While the primary demographic for Camera House is women between the ages of 25 – 39 – as it is for the majority of photo retailers – Slattery said that Camera House stores also attracted a slightly older demographic, of both ages. The website provided a means to better connect with younger consumers. He identified a new emerging demographic of 15 – 24 year olds.
‘We want to appeal to that younger market with the launch of the new site,’ he said.
He said the sales model the website would foster was ‘buy online and pick up at one of 82 stores’.
‘It’s set up as a cooperative working for and with stores,’ he explained, adding that Camera House had done a lot of research work with Google to get its approach right ‘to capture online sales we are currently missing.’
Slattery said that the website would focus on: search; sales; and acquisition of customer data.
He said that while Camera House may not have the advertising budget of Harvey Norman, it had a database of 372,000 customers acquired via store purchases, VIP club membership, online printing activity and the various competitions and promotions the retailer conducted.
The new site will offer consumers more than online sales, with a strong emphasis on product information, education, image galleries and even a Camera House blog, with the same look and feel as the master site.
Using EXIF data, Camera House can identify the specific camera model images uploaded to the galleries have been taken with, and use outstanding customer and staff images to demonstrate what a camera is capable of, both in-store and online.

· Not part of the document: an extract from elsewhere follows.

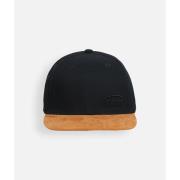 Pet Oxbow Baseballpet, corpo-borduurwerk GONCALVES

Galleries will allow comment, rate and review responses.
Slattery noted that according to Google, consumers research a camera purchase for an average of 1.9 hours, with 1.6 of those hours spent on retailers’ sites. It thus made good sense to get as much brand and model information on the Camera House site as possible.
‘We really want to integrate with all brands to demonstrate a range of products and a range of brands.’

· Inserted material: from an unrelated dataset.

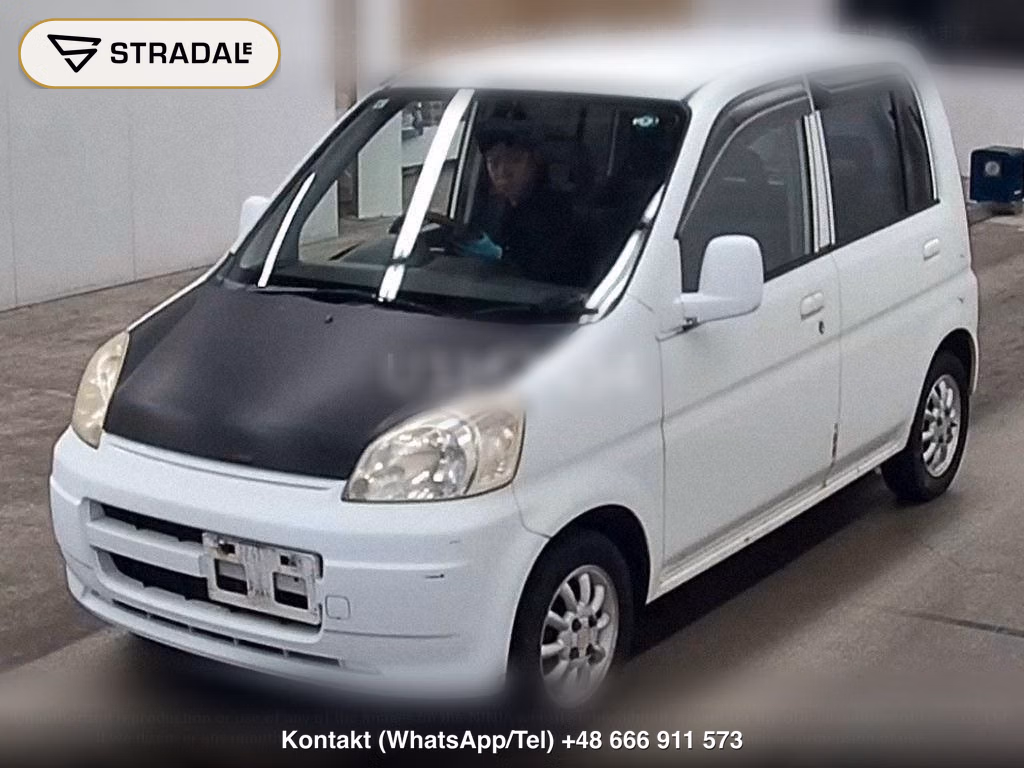 HONDA LIFE 5D G, miniaturka 5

Camera House has 375 in-store staff registered as online consultants. Customers can book time with these qualified staff via an online form, leveraging their expert knowledge and qualifications (eg, 250 of these staff members are qualified ‘Canon Experts’)
Camera House also plans to use the various ‘brand ambassadors’ – leading professional photographers who have aligned themselves with particular brands (eg Ken Duncan and Panasonic) as coaches on the site.
Regular competitions will be run linking with capabilities of particular models – so for instance a Sony NEX model with sweep panorama function could be offered as a prize for a landscape competition.
The group has not yet decided on whether to opt for OnPix, its current online photofinishing softaware supplier, or move to the Whitech Imagine platform, but either way, off-site fulfilment will be by Photo Create.
Slattery noted that the market already supported the Camera House online/instore model for photofinishing, with 80 percent of customers using Imagine web-based software choosing to pick up in-store.
He said that Camera House was still working on a ‘print fulfilment and price project’, one of the objectives of which is to achieve some consistencies in pricing of print services across the chain of stores. This is made more complex as some retailers used different suppliers for consumables.
Asked about a rumour that Camera House might embark on an aggressive pricing strategy to respond to low 6×4-inch print pricing, he said he preferred to hold comment on that until the price consistency project had been bedded down.